I think this sums up the problem and the rest of the article is just buzz words and cryptic quotes..

““At a big picture level, CPUs are generally optimized either for a single thread or multithread performance depending on the application workloads,” said Mitra. “If you take it into something that is more real time — this is what IoT is — it’s about making more real-time decisions”
And all the pipe-lining, out-of-order execution, and JITting just gets in the way of making real-time decisions.
1) if you go off and build a custom MCU, you just saddled your self with writing a compiler.
2) Why are there 64 bit MCUs when 8 and 16 bit MCUs are to be known to be adequate?
3) How does one run an existing OS on a custom MCU?
4) Is bare metal code running on a custom MCU an OS as the article says there are many OS’s running on the many MCUs n the chip?

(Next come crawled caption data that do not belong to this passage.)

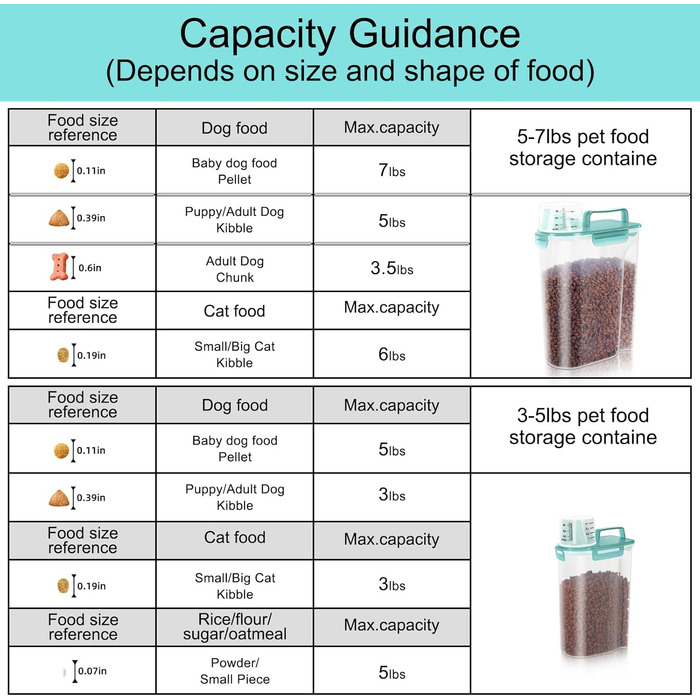 Контейнер для корму для собак 3-2,3 кг, велика насадка, BPA-free, пластиковий, з 4 герметичними закриттями, мірна склянка та ручка, легкий (Чіткий блакитний)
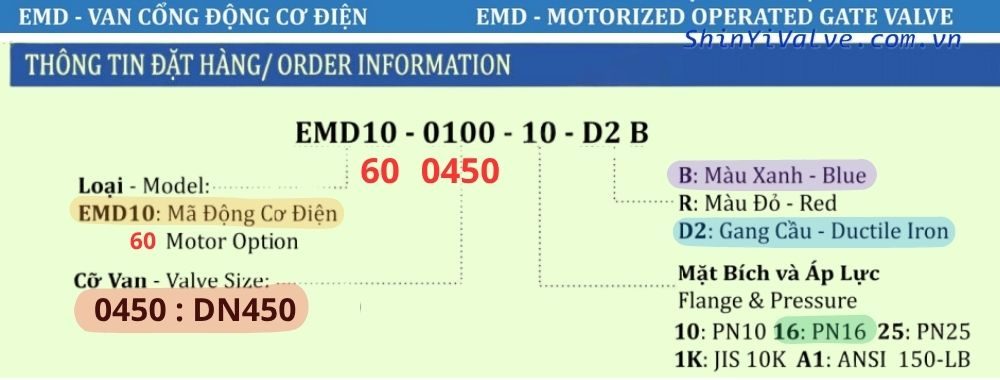thông tin đặt hàng của emd dn450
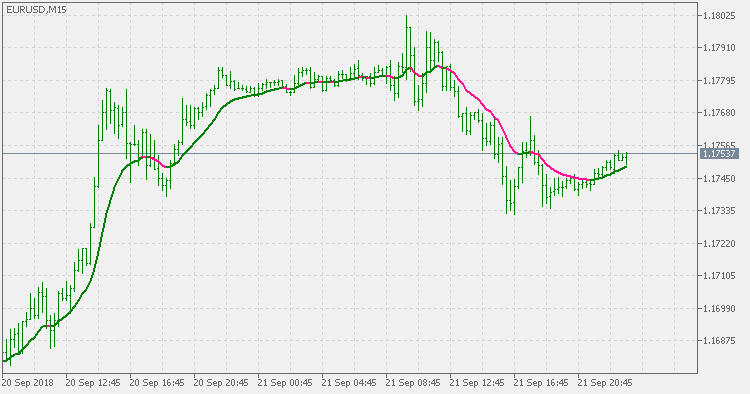 Fast EMA - indicator for MetaTrader 5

5) A chip running bare metal C code in minimum memory footprint with no CPU, MMU makes sense because there is no compiler or RTOS. Further it can be scaled to whatever width is appropriate. C source code is just a syntax to describe the logic of the function. The compiler just re-formats the function into an ISA(or worse yet, an intermediate language used by a JIT compiler)
6) A single core limited to a single ALU, multi-core has multiple ALUs, but writing code to use them efficiently is TBD.